Andrew Bachelor is the king of six-second comedy. And Vine’s most-followed creator — King Bach to his 15.7 million fans — has already made incursions into other media.
This fall, he will appear in the horror comedy “The Babysitter,” directed by McG, and is currently filming the indie comedy “Where’s the Money” with Terry Crews and Josh Brener. Previous big-screen roles include parts in the horror parody “Meet the Blacks” and the spoof “Fifty Shades of Black.” On TV, Bachelor has been seen in Showtime’s “House of Lies,” Adult Swim’s “Black Jesus,” Fox’s “The Mindy Project,” BET’s revival of “Punk’d,” and MTV’s “Nick Cannon Presents: Wild ‘N Out.”
“I’m all over your TV and movie screen,” says the 27-year-old. He adds half-kiddingly, “My goal is to be the biggest movie star ever.”
As an aspiring actor, Bachelor began uploading short films and sketches to YouTube after attending the New York Film Academy in L.A and taking courses at the Groundlings. “My objective was to show my acting skills, but I also had a filmmaking background,” he says. “I drew a fan base and kept on going and going.”
In 2013, he started posting to Vine, mainly because shorter videos were cheaper to make. “Instead of spending $30,000 on a YouTube video, I spent $5 on gas and shot a Vine,” he says. In his climb on Vine, he has produced segments with numerous brands, including Universal Pictures and Disney. What he likes most about being a digital creator is the freedom to develop and inhabit a parade of characters; his favorite so far is Sherlock Homeboy.
King Bach’s comedy role models include Eddie Murphy, Chris Rock, and Kevin Hart, who has helped him refine jokes and routines. “A lot of it, for me, is based on instincts,” he says.

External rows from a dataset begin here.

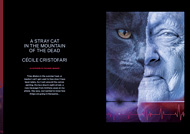 Item image: A Stray Cat in the Mountain of the Dead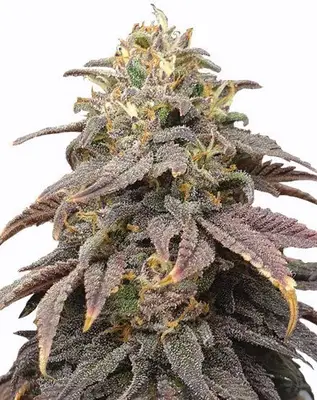 Forbidden Fruit cannabis seeds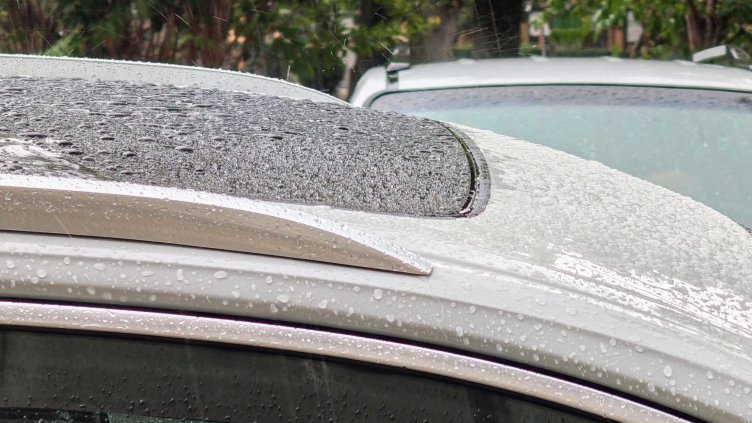 Снимка: архив, БГНЕС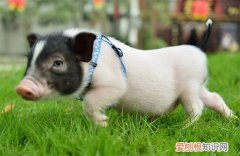 巴马香猪气喘病怎样治疗，巴马香猪常见病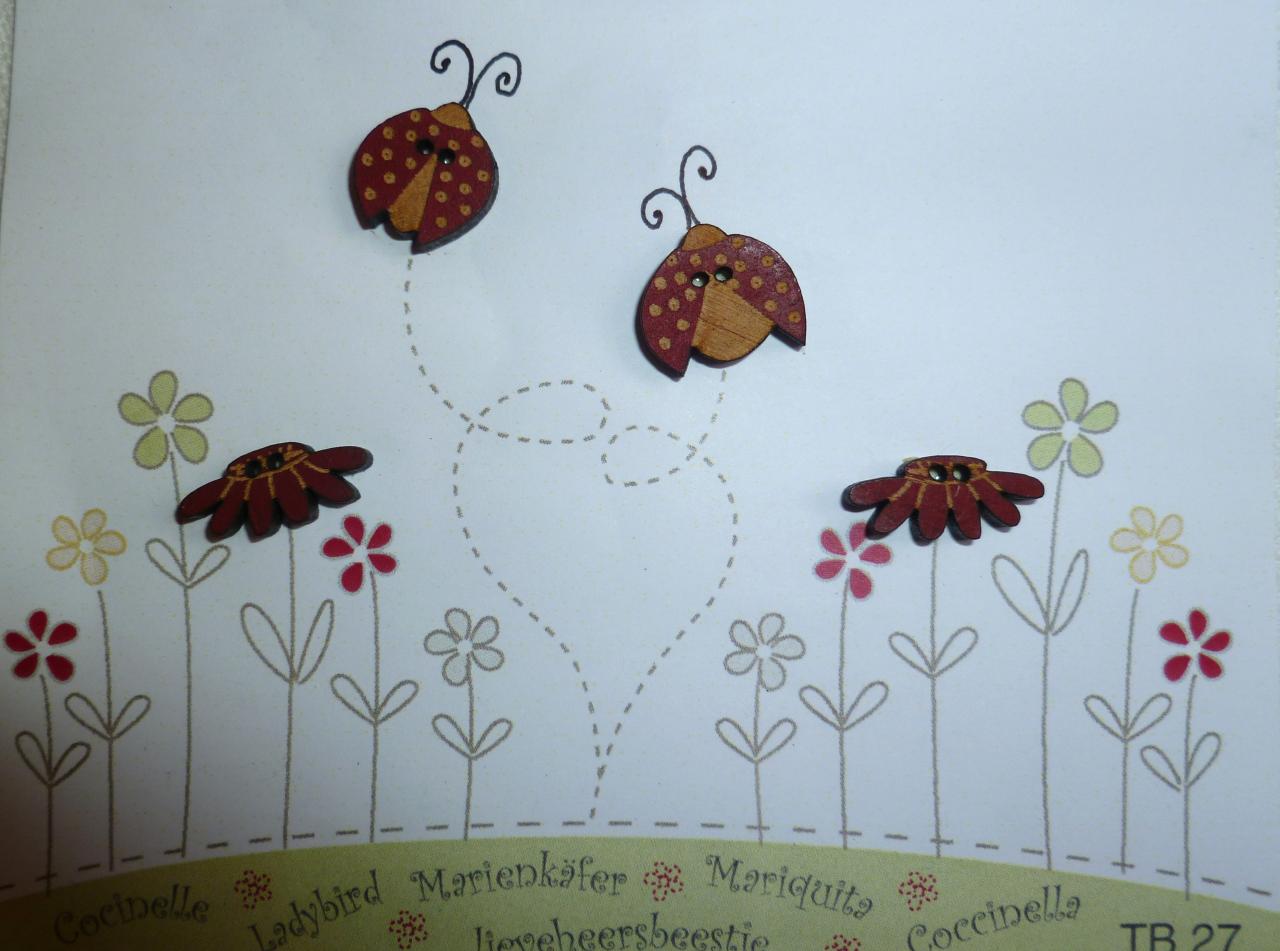 coccinelles-tb27.jpg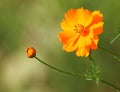 Orange Cosmos flower with Bud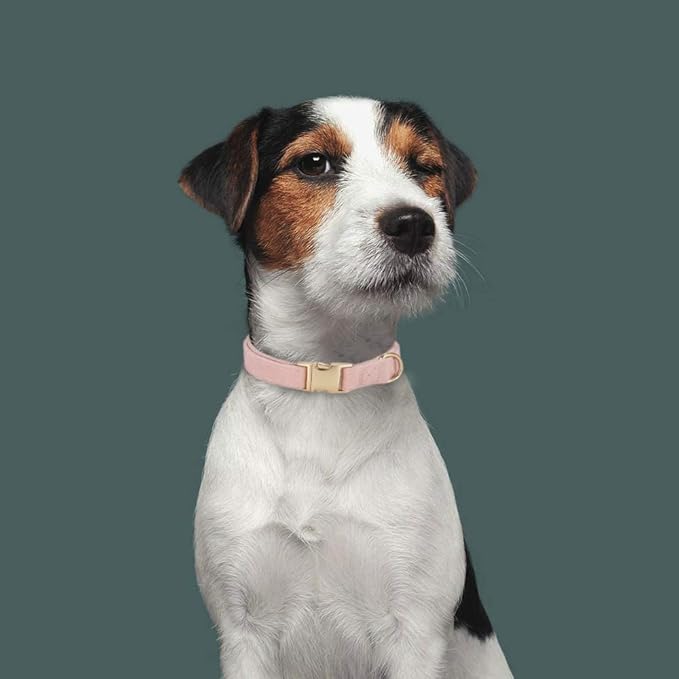 Soft Corduroy Dog Collar and Leash Set, Adjustable Cotton Dog Collars with Metal Buckle and Lead for Medium Dogs,Baby Pink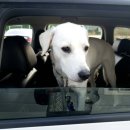 어서타개 이미지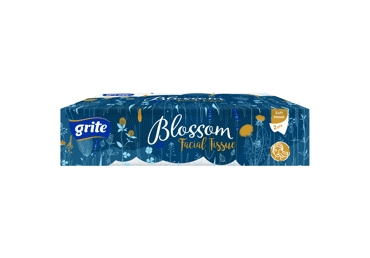 Kosmetinės servetėlės GRITE BLOSSOM (2 sluoksnių), 80 vnt.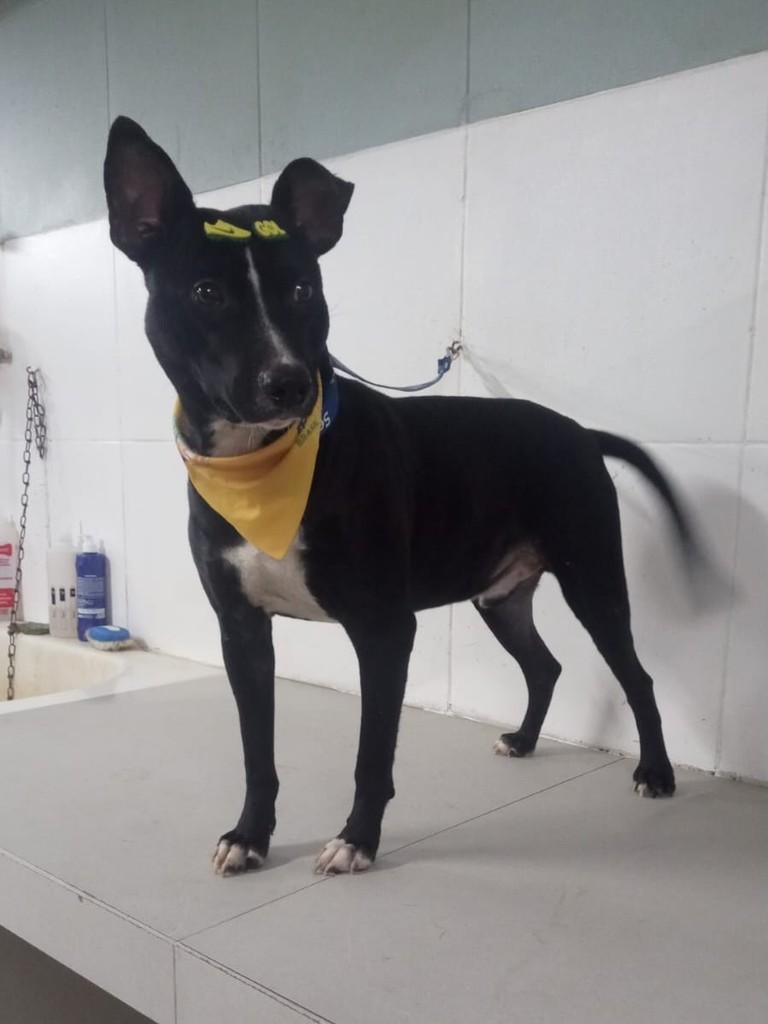 Logan, cachorro de porte médio para adoção em Itaqui - RS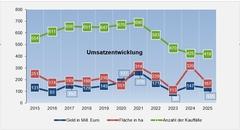 Darstellung Umsatzentwicklung 2025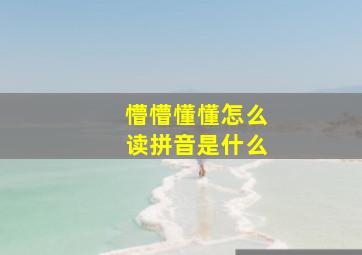 懵懵懂懂怎么读拼音是什么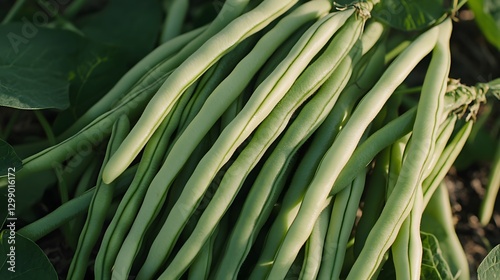 Fresh Green Beans Harvest Close Up Photography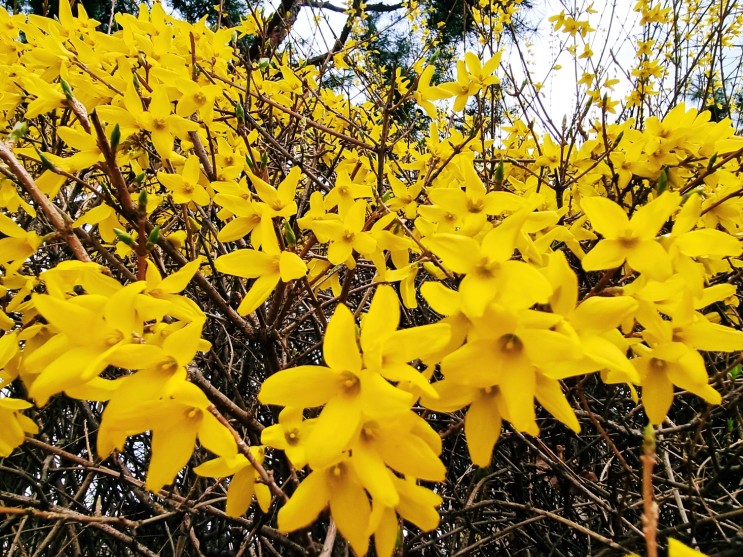 봄에 피는 노란색 개나리 꽃이 활짝 피었습니다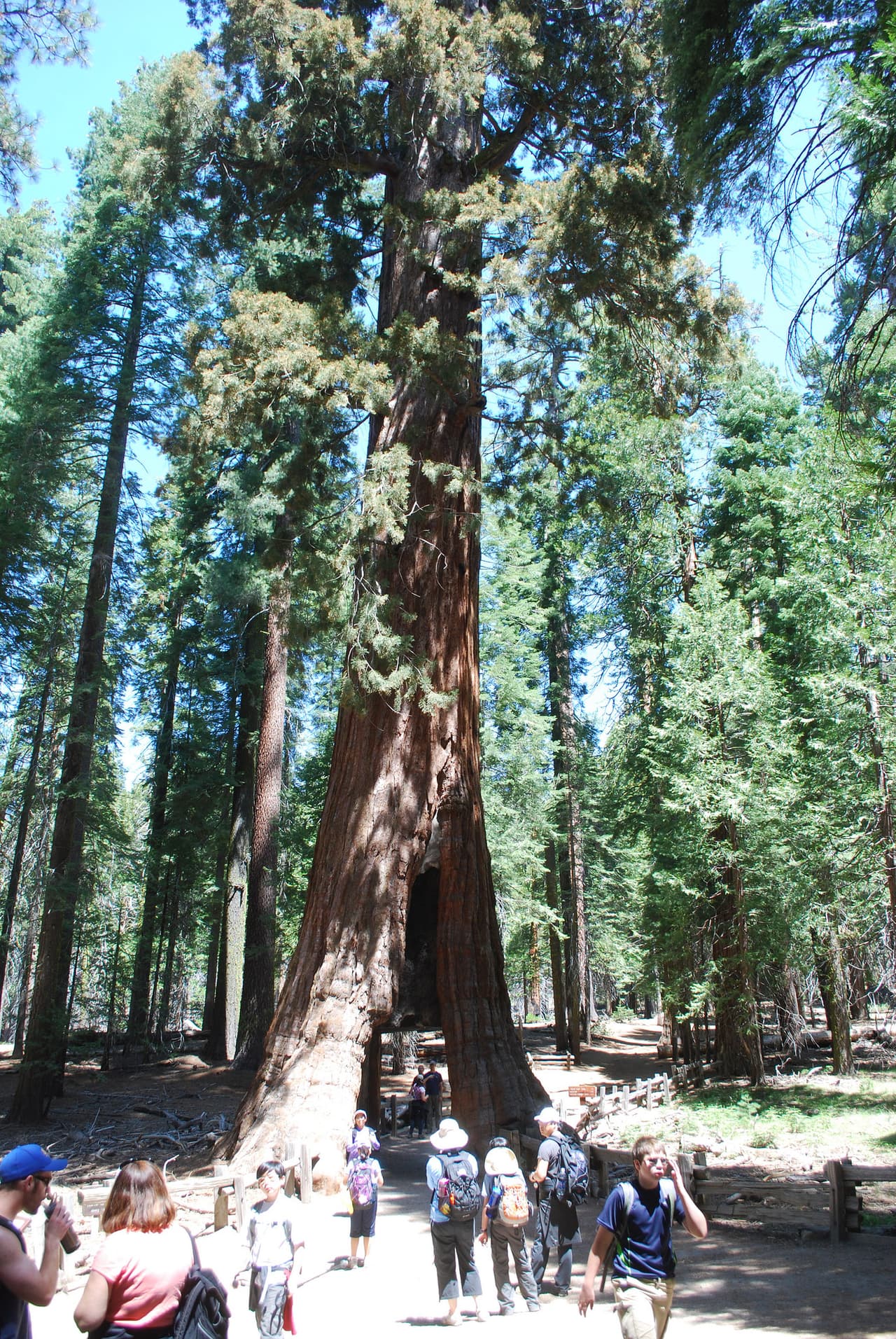 Una vista del inmenso 'California Tunnel Tree' ubicado en el parque Yosemite en una zona conocida como Mariposa Grove.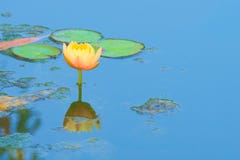 En härlig, perfekt ljus oavkortad blom för persikalotusblommablomma, i ettridit damm i en frodig thailändsk trädgård parkerar royaltyfri foto En härlig, perfekt ljus oavkortad blom för persikalotusblommablomma, i ettridit damm i en frodig thailändsk trädgård parkerar royaltyfri foto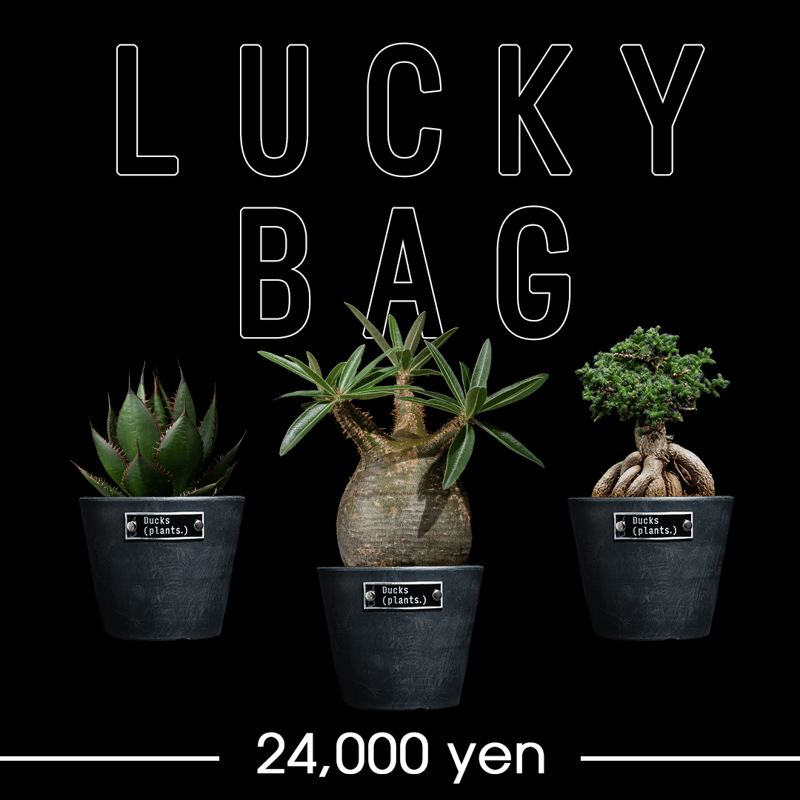 新品未使用　新品未使用　ネイバーフッド　SRL 伝　インビジブルインク 新品未使用 ネイバーフッド SRL 伝 インビジブルインク 未使用 SRL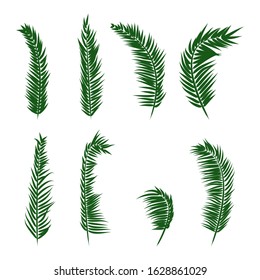 Palm tree branch collection set isolated on white background.Plant green leaf.Coconut leaves flat icon.Vector.Illustration.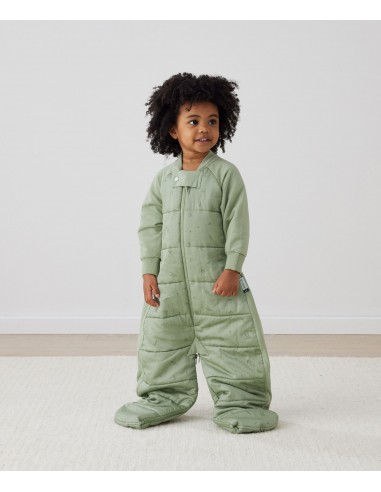 Sleep Suit Sack 2.5 TOG Willow offre 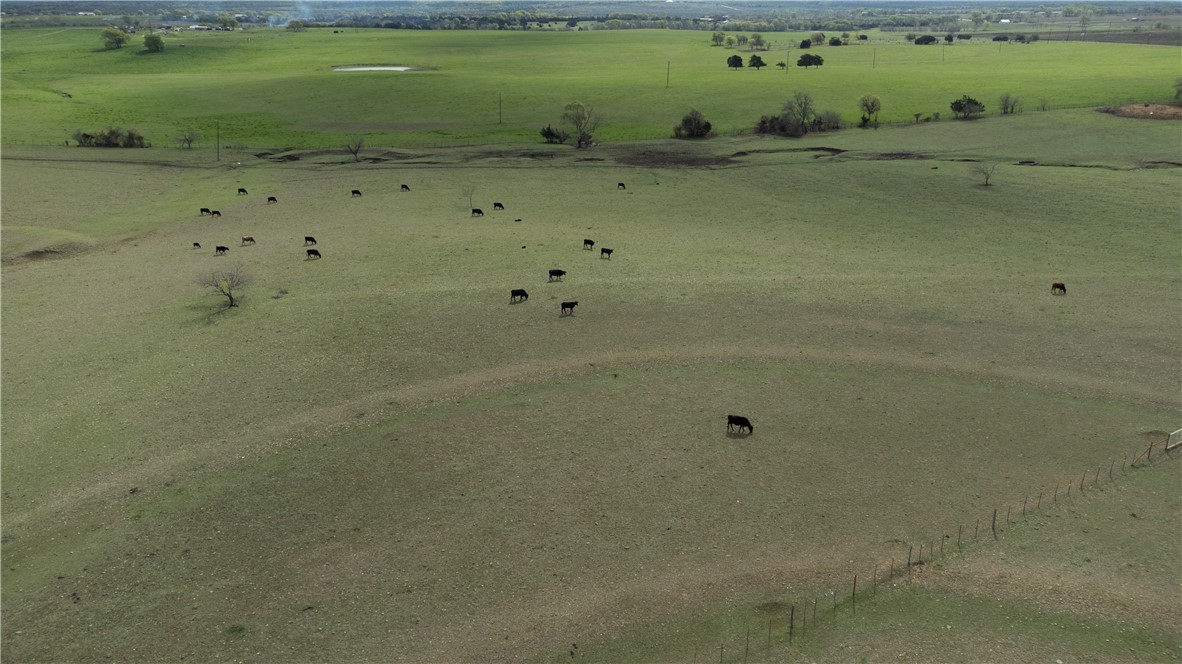 TBD Old Perry Loop, McGregor, Texas image 22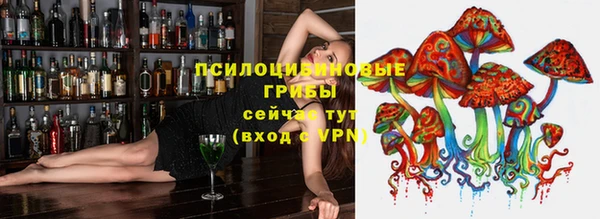 apvp Абинск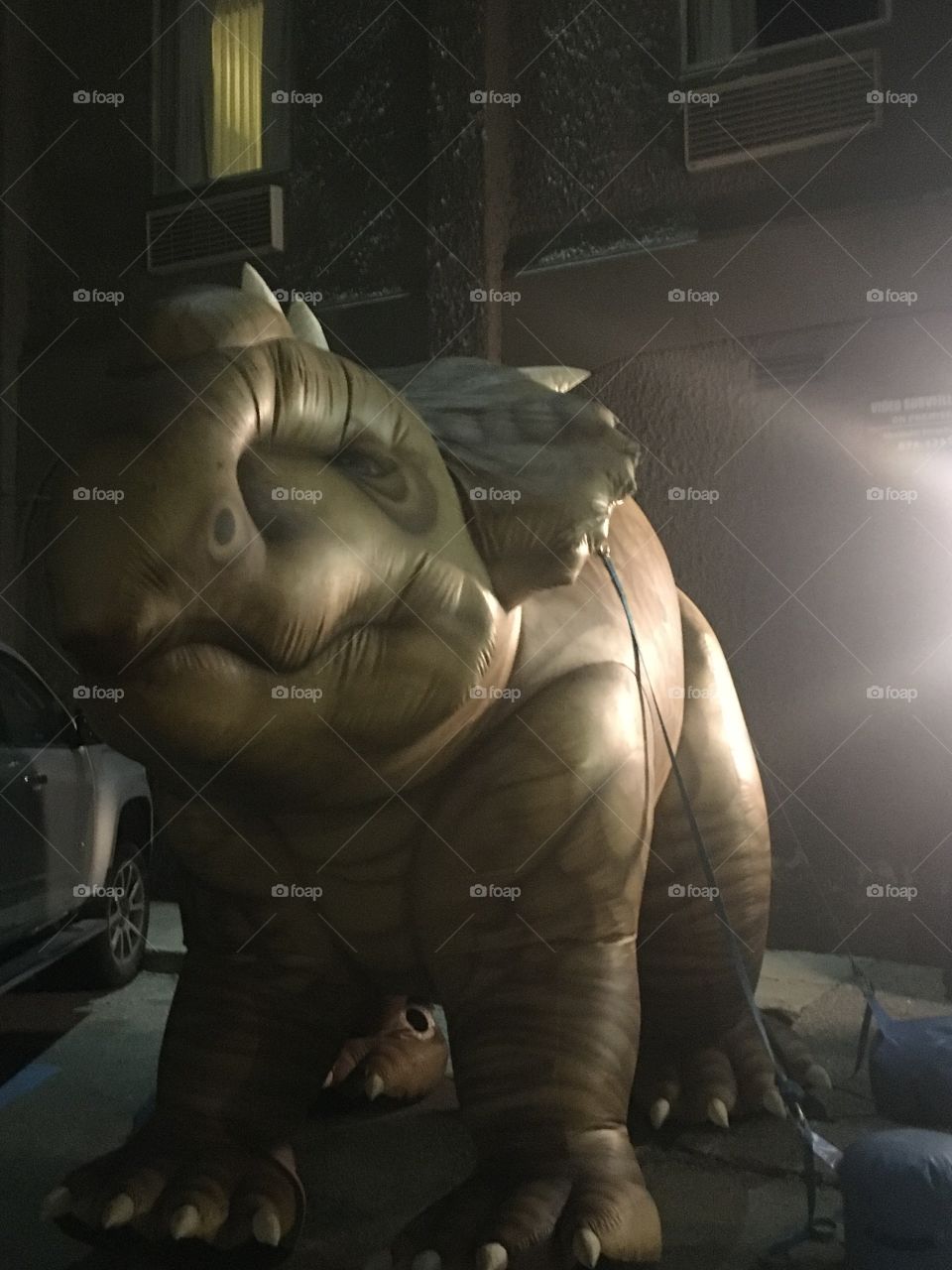 Triceratops inflatable at a museum fundraiser 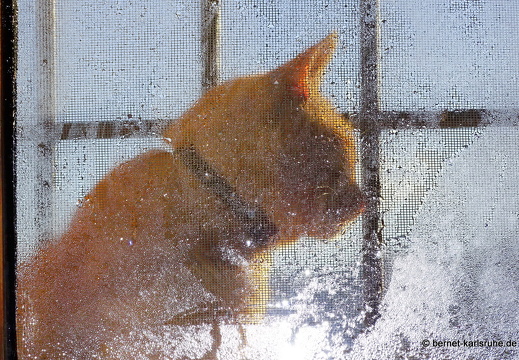 14-11-15-bocairent-hoehlenkatze-002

Producing material even as short as six seconds takes no small amount of time. King Bach says he’s “literally always working,” a job that includes posting to and monitoring Twitter, Facebook, Instagram, and Snapchat. “It’s like second nature for me now—I come from a family that works hard,” says Bachelor. Both of Bachelor’s parents are accountants, and his sister, Christina, is his manager.
As for the origin of his royal handle, the nickname was bestowed on him by a seventh-grade teacher after Bachelor was the only kid in class who dressed up for a history project about kings and queens. “I came in wearing a crown and cape and he said, ‘Look at King Bach!’” recalls Bachelor.
Like other internet celebs, King Bach (pronounced “batch”) has learned the cardinal rule of ignoring the haters. “They’re just fans in denial,” he quips.